The Nomadic Masai lived and herded their cattle within the Park’s areas whilst the Kikuyu people farmed the forested highlands above Nairobi city.
These people were usually very alert with guns to protect themselves from the dangerous wild animals. People were evacuated from their lands due to increase in the number of farms and livestock, later the Park was created.
Nairobi is characterized by a dry climate and its altitude ranges between 1533 and 1760m. Usually the Nairobi is very dry and hot between January and March, April – June is a bit hot and wet and then from July to October it is just warm and wet.
Additionally Nairobi National Park covers a total area of 117.21 square kilometers and it has an electric fence along the west, east and northern boundaries.
The Park’s southern boundary is formed by River Mbagathi and it is open to the Anthi Kapiti Plains and the Kitengela Conservation Area.
To add on, Nairobi National Park defines itself with a unique vegetation that is predominated by open grass plain, Acacia bushes and highland dry forests. In the south of the Park, there is a riverine forest along the permanent river.
How to get there
By road the distance from Nairobi is about 10km up to this Park and those who go by plane set off from Jomo Kenyatta International Airport or Wilson Airport.
Nairobi National Park has seven gates in total and two are used for KWS services only (KWS headquarters). Other gates for visitors’ access are Maasai gate, Mbagathi, Banda and Maasai gate.
Attractions in the Park.
Although it’s situated just within the city, Nairobi National Park has a large population of Wildlife. Wildebeest and Zebras are found in the migration corridor to the south of the Park and the Kitengela conservation area. These animals usually disperse over the plains during the rainy season and return to the park in the dry season.
The best time to visit this Park for Wildlife is the dry season. Animals usually concentrate in the Park areas for pasture when the areas outside the Park are dried up. Small dams built along the Mbagathi River are major water sources and attract thousands of water dependents during the dry season.
Moreover, Nairobi National Park is a great habitat to over 500 species of birds plus the migrant birds. Some of these birds are Croaking Cisticola, Desert Cisticola, Speke’s Weaver, Secretary bird, Northern Pied Babbler, Pangani Longclaw, African Quail-finch, Zebra Waxbill, Kori Bustard, Saddle-billed Stork, Yellow-throated Sand grouse, Martial Eagle, African Crowned Eagle, Lappet-faced Vulture, Violet Wood-hoopoe and Nairobi Pipit.
The Ivory Burning Site Monument
Just on the northwestern end of Nairobi National Park is this Ivory Burning Site Monument. It is located within a walking distance from Nagolomon reservoir.

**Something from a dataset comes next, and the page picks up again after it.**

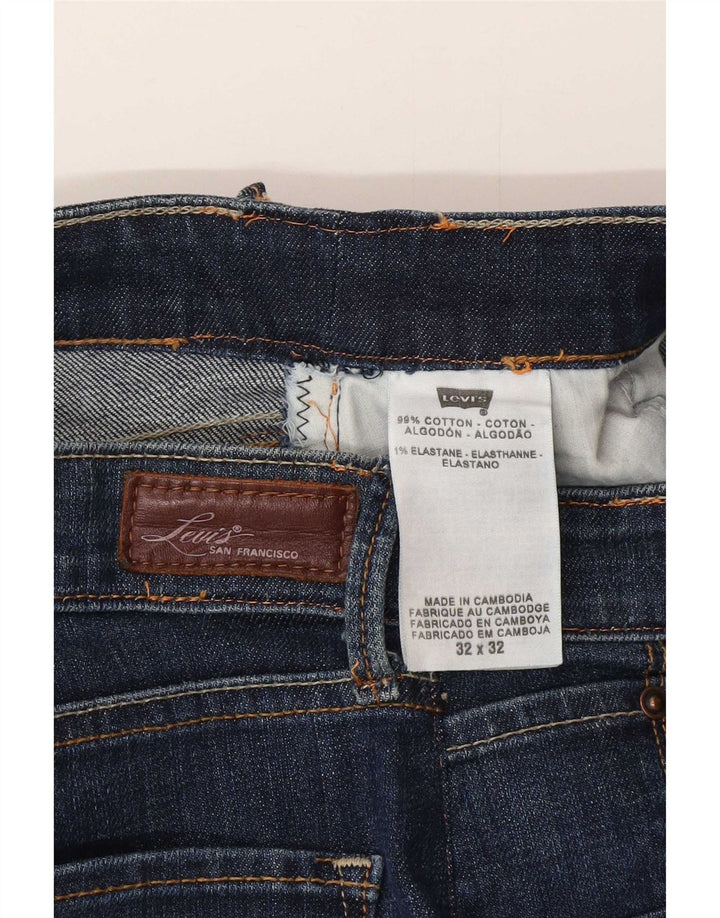Calça jeans feminina Bootcut Levi's W32 L32 azul algodão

This area is where the former president of Kenya Daniel Arap Moi set fire to over 2000 elephant tusks that were worth three million dollars. This action by the present was meant to show the commitment to save the African Elephants from massive slaughter by poachers.
Animal Orphanage Centre.
This is one of Kenya’s most known Rhino Sanctuaries. It is run by the David Sheldrick Trust. This protected area hand rears the orphaned elephants and rhinoceros calves and after distribute them to numerous sanctuaries in the country.
What to do in the Park.
There is no better way you can take in Nairobi National Park’s rich Wildlife than game driving. This Park is gifted with variety of wild animals and most of them are common during the game drives. This activity takes about 2-3 hours and animals that can be seen include baboon, eastern black rhino, gazelle, Cheetah, Grant’s Zebra, Masai giraffe, ostrich, Cape buffalo, African leopard, Impala and lions.
Visit the Animal Orphanage Centre
This sanctuary is located close to the Park’s main gate. It was established in 1963 by Daphne Sheldrick after the death of her husband David Sheldrick who was the anti-poaching warden in Tsavo National Park. On your visit, you will have to see the orphaned animals as they enjoy their habitats.

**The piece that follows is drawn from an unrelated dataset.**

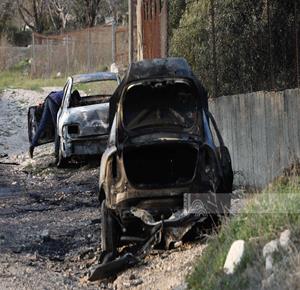 Colonists torch vehicle and spray racist graffiti in Bethlehem district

Over 500 species of birds breathe life in Nairobi National Park. Birders usually see some of the eight species of Kenya Mountains endemic birds, 25 species of the 67 African highlands biome and 27 species of the 94 Somali-Masai biome. It is a full day activity carried out along the water bodies, forests and savannah plains of the Park.
Other captivating activities in the Park include Picnicking, nature walk, stargazing and events in the wild.